Le gusta crear ese clima de tertulia de madrugada en un bar de la ciudad vieja que lleva al público a estar adentro de la canción como en una película, o una obra de teatro en “Las golondrinas”, “Milonga de Gauna”, o “Victoria Abaracón”, cantando a veces sólo con su guitarra (en realidad sus guitarras porque por cada canción el músico cambia de instrumento para mantener el sonido original con el que fueron grabadas esas canciones), creando una escena intimista en medio de un gran estadio.

Cada canción es una postal existencial: “Los futuros murguistas”, es el resumen de la tradición cultural y el horizonte que siempre brinda el próximo carnaval, el sueño de los botijas todavía hoy; “Cometa de la Farola” es una foto de infancia en el Parque Rodó; “Amándote”, es la carta de amor de despedida: y “Si me voy antes que vos”, un rezo en tiempo de huayno andino.

Entre los himnos Jaime fue colando pequeños tesoros de su obra como “Good Bye (El tazón de té)” y “Lluvia con sol”, la milonga rock “Nadie me dijo nada” y “El grito del canilla”, como antesala de otra explosión emotiva en la Tribuna Olímpica, con “Brindis por Pierrot”, que todas las personas en Uruguay pueden decir donde estaban cuando la escucharon por primera vez.
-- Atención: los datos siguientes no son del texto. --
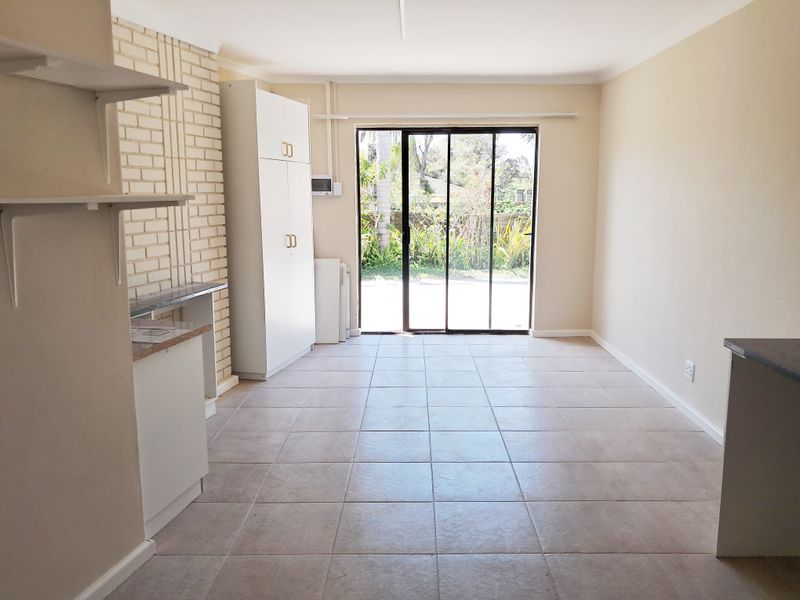 An open-plan living area featuring tiled floors, a brick feature wall, built-in storage, and a sliding glass door leading to the garden.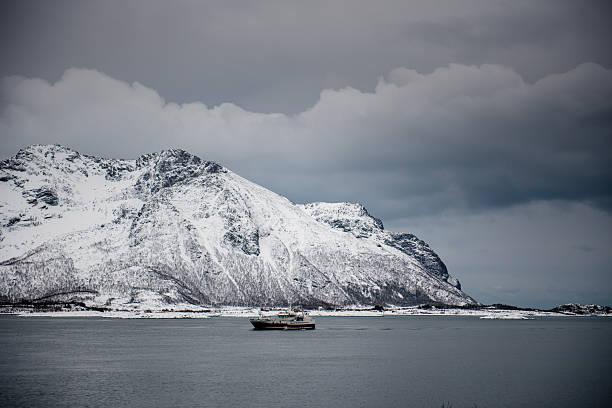 istock Boat Sailing by Snow-Covered Mountains 2234969533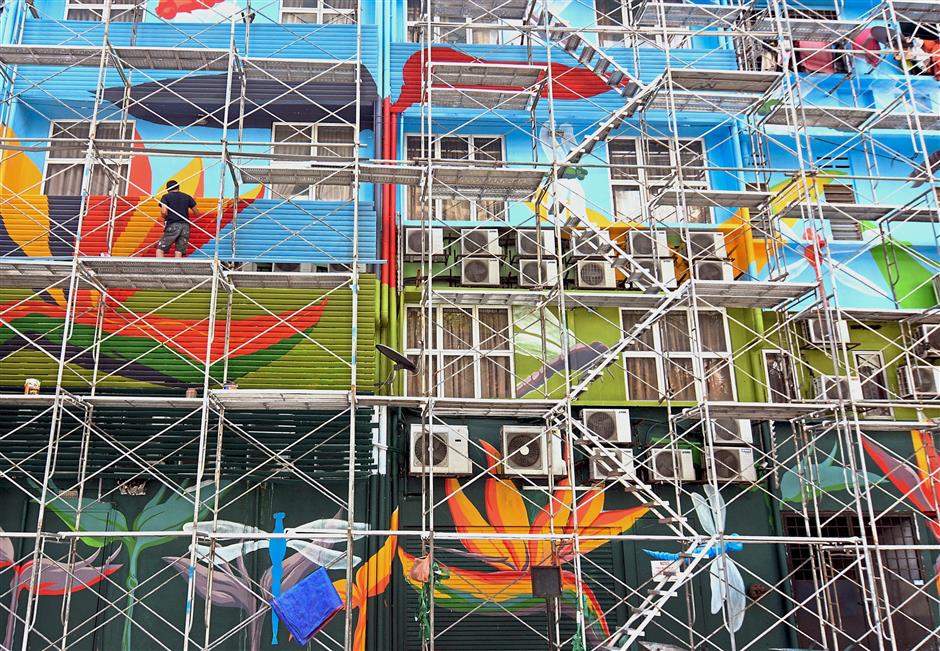 Heliconias and dragon flies decorate the back facade of buildings along Jalan Rembia. — Photos: P. NATHAN/The Star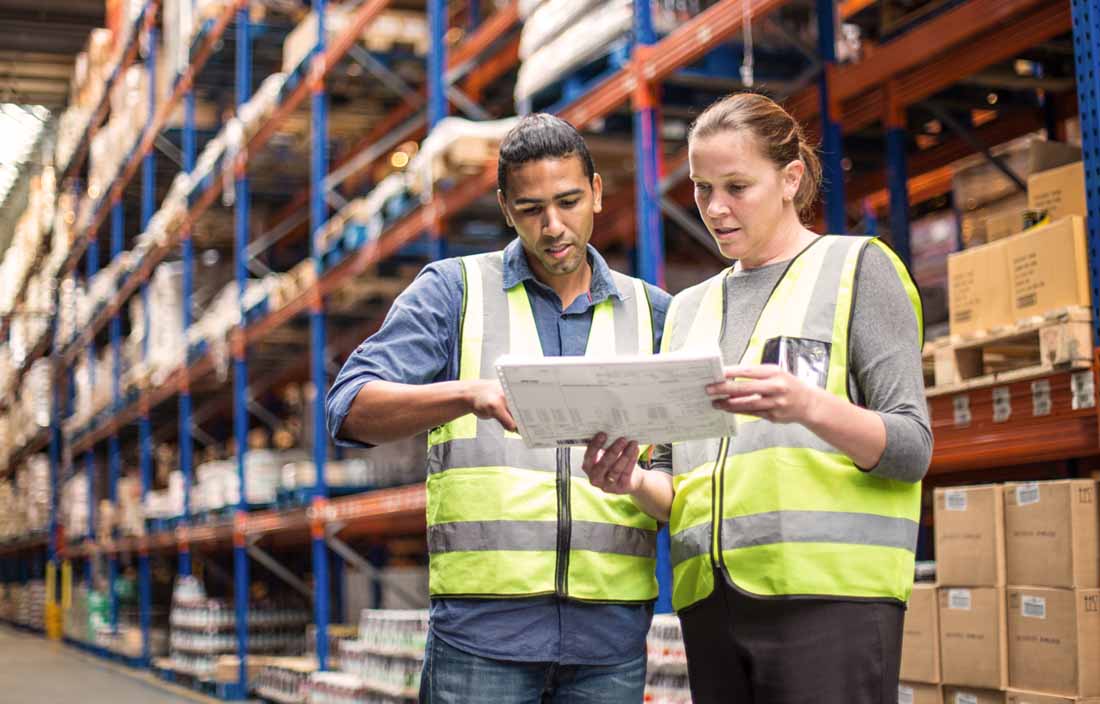 Two warehouse workers in yellow vests.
Esa primera frase del tema “No lo vieron a Molina, que no pisa más el bar”, es una contraseña para cualquier montevideano de a pie. La cantaba el inigualable Canario Luna. Ahora el Zurdo Bessio la canta con ese mismo acento mítico, ese agudo de canillita, ese fraseo un poco más aterciopelado. Es un tema que en vivo funciona como otro detonante catártico y donde toda la máquina cancionística funciona con la precisión de un reloj suizo, pero con el alma y con el peso de la historia detrás de varias generaciones de murguistas.

En una canción Jaime Roos puede lograr que todas las piezas y todas las vidas encajen en un mismo verso, encolumnados detrás de “Cuando juega Uruguay”, (cuando la canta, parece que todo un país canta con él), en la historia de amor no correspondido de un murguista que puede ser universal en “Colombina”, o en la esquina del barrio Sur, donde todas las historias de la ciudad confluyen en “Durazno y Convención”.

Parado frente a la Torre Olímpica, Jaime Roos le habla a la tribuna: “¿Agitamos con ésta no?” y canta el último tema del concierto, un cortometraje monumental sobre esa esquina del Barrio Sur de Montevideo. Se despliegan en la letra, las horas lentas, la vida dura, los baldosas flojas partidas hace años, los edificios chatos que parecen dibujados en carbonilla. La cuerda de tambores marca el pulso del tema.

Pasa la película de su vida.

Una ovación lo baña como una ola de mar. Se respira el final. Es una retirada olímpica. Tras los últimos acordes se va la murga, aunque nunca pueda decir adiós. Las luces del estadio se empiezan a apagar. De lejos llega el murmullo de la ciudad y el Río de la Plata. Ladran los fantasmas de la canción.